Segment Start: Record excerpts

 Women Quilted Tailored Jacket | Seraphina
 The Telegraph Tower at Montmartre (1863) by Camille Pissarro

Segment End: Record excerpts
Segment Start: Record excerpts

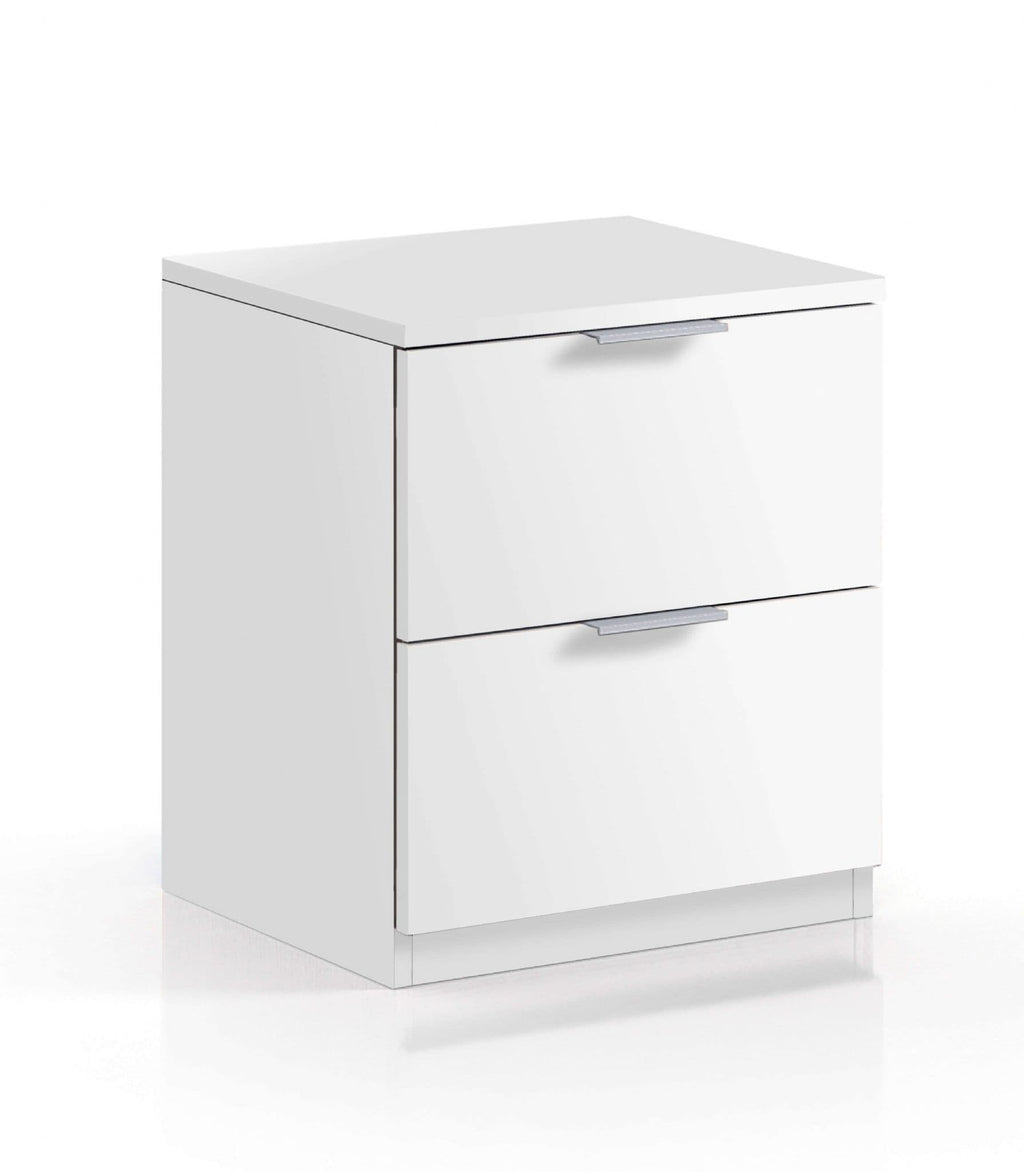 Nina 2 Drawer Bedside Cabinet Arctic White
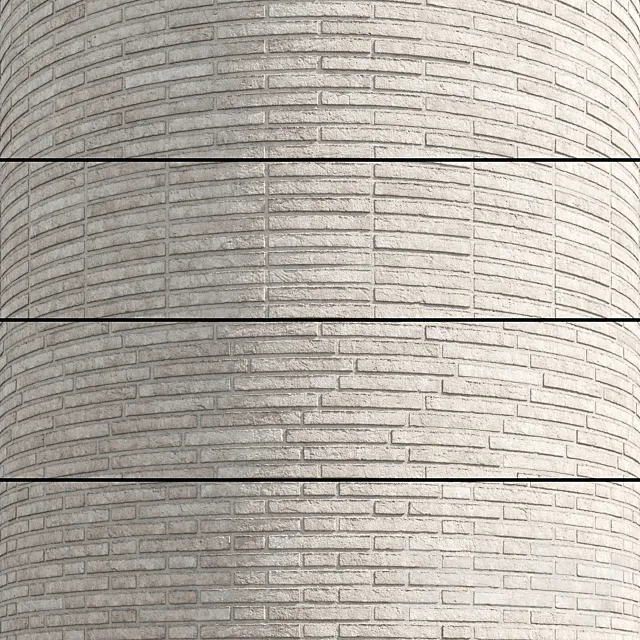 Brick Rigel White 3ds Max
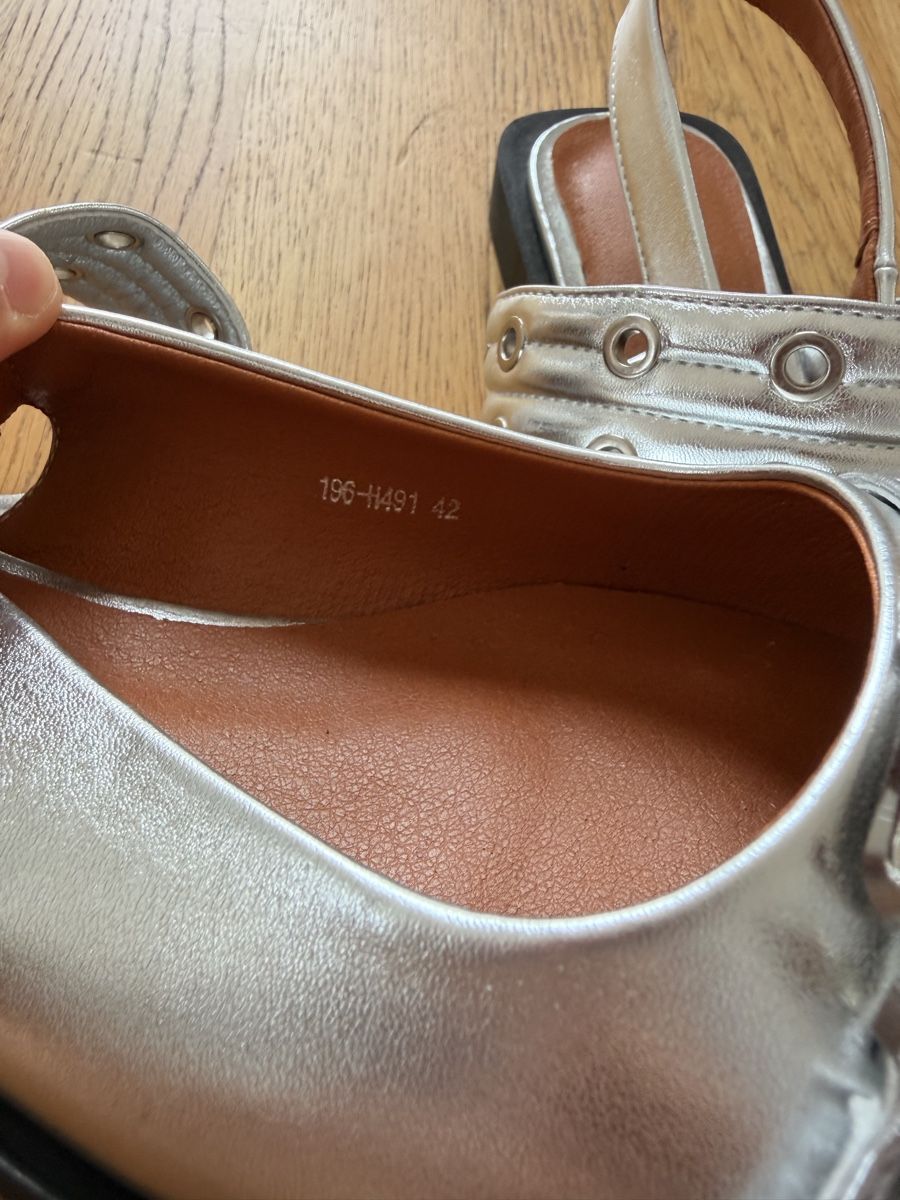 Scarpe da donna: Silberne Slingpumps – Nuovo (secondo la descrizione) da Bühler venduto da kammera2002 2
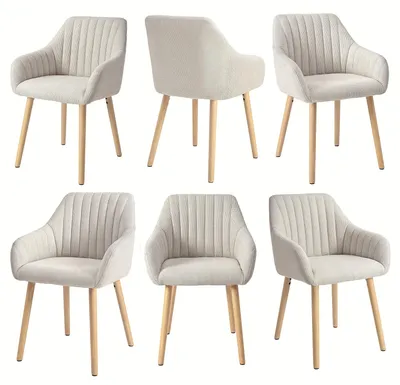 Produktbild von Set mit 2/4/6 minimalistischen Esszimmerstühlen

Segment End: Record excerpts

How to complete this task — All that should be written out is the stretch of lines above between the one holding "Women Quilted Tailored Jacket | Seraphina" and the one holding "The Telegraph Tower", inclusive, exactly as given.

Finished exercise —
 Women Quilted Tailored Jacket | Seraphina
 The Telegraph Tower at Montmartre (1863) by Camille Pissarro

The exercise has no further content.